For vector graphics, you’ll want to use SVG files. SVG means Scalable Vector Graphics, and the name really says it all. SVGs are text files which use XML to describe the vectors necessary to create an image. Use an SVG plus a little CSS, and your logos and icons will be responsive.

I would not recommend using an older technique to load icons through a webfont containing multiple icons. The goal of that was to avoid multiple requests to a server: with the the advent of the http/2 protocol, that’s not as much of an issue. Icon fonts also have major accessibility issues, since they use a specific letter of a font for each icon. For people using a screen reader, that’s not so awesome.

For photos and other raster images, the techniques you use might vary a bit, depending on if the images are loaded through CSS or HTML.

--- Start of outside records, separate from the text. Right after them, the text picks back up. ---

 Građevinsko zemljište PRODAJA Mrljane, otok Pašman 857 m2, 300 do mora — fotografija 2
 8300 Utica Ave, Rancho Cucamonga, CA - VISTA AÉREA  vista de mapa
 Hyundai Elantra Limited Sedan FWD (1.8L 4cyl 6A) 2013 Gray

There are ways to make background images added to a site through CSS responsive, but unfortunately browser support can be a bit shaky.

Thankfully, images used as content within a site, which are loaded through the HTML markup for a page, have great options that we can use. These sorts of images are generally what people are referring to when you hear the term responsive images.

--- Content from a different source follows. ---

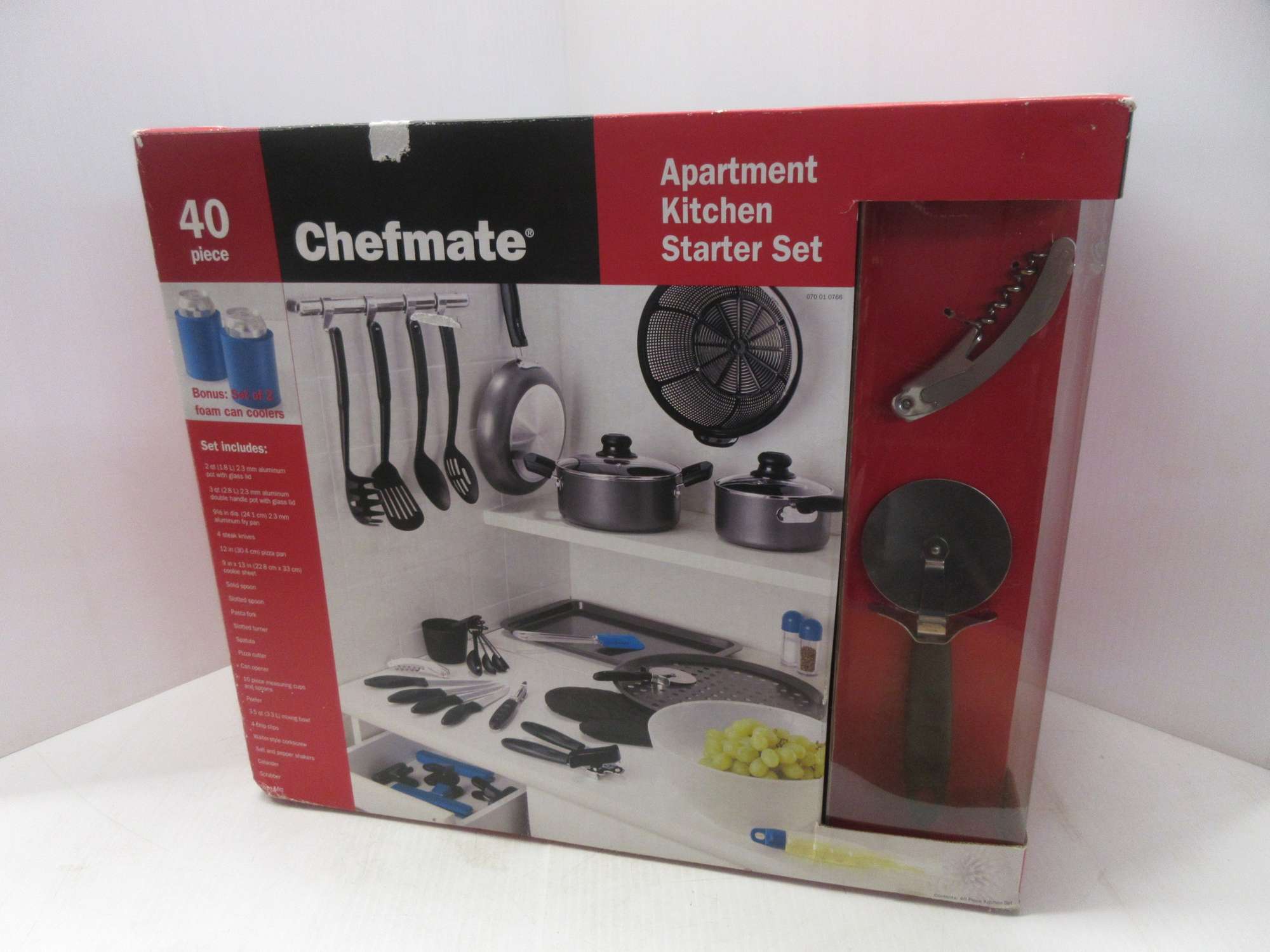 Albrecht Auctions Chefmate 40Piece Kitchen Starter Set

So we’ll be focusing mostly on raster images that appear as content on your site. Even there, however, there a few important variations to keep in mind.

How do images vary across breakpoints?

When we’re talking about making images responsive, we mean that we want to provide some variation in how those images appear depending on how they’re viewed.

Sometimes we want an image to essentially look the same whether you’re on mobile or desktop. For example the image always appears as a square or a rectangle. It might only fill a sidebar column on desktop, while filling the full width of the screen on mobile. However, it retains the same aspect ratio—the relationship between the height and the width of the image. 

We call this use case viewport sizing, and typically this ends up being the most common way that images are made responsive.

For viewport sizing, we typically just need a good ol’ img element with two new attributes: sizes and srcset. We’ll get into how those new attributes work, but the short version is that sizes tells a browser how much space an image takes up in a site’s layout at various screen sizes, while srcset provides some image file options the browser can choose between.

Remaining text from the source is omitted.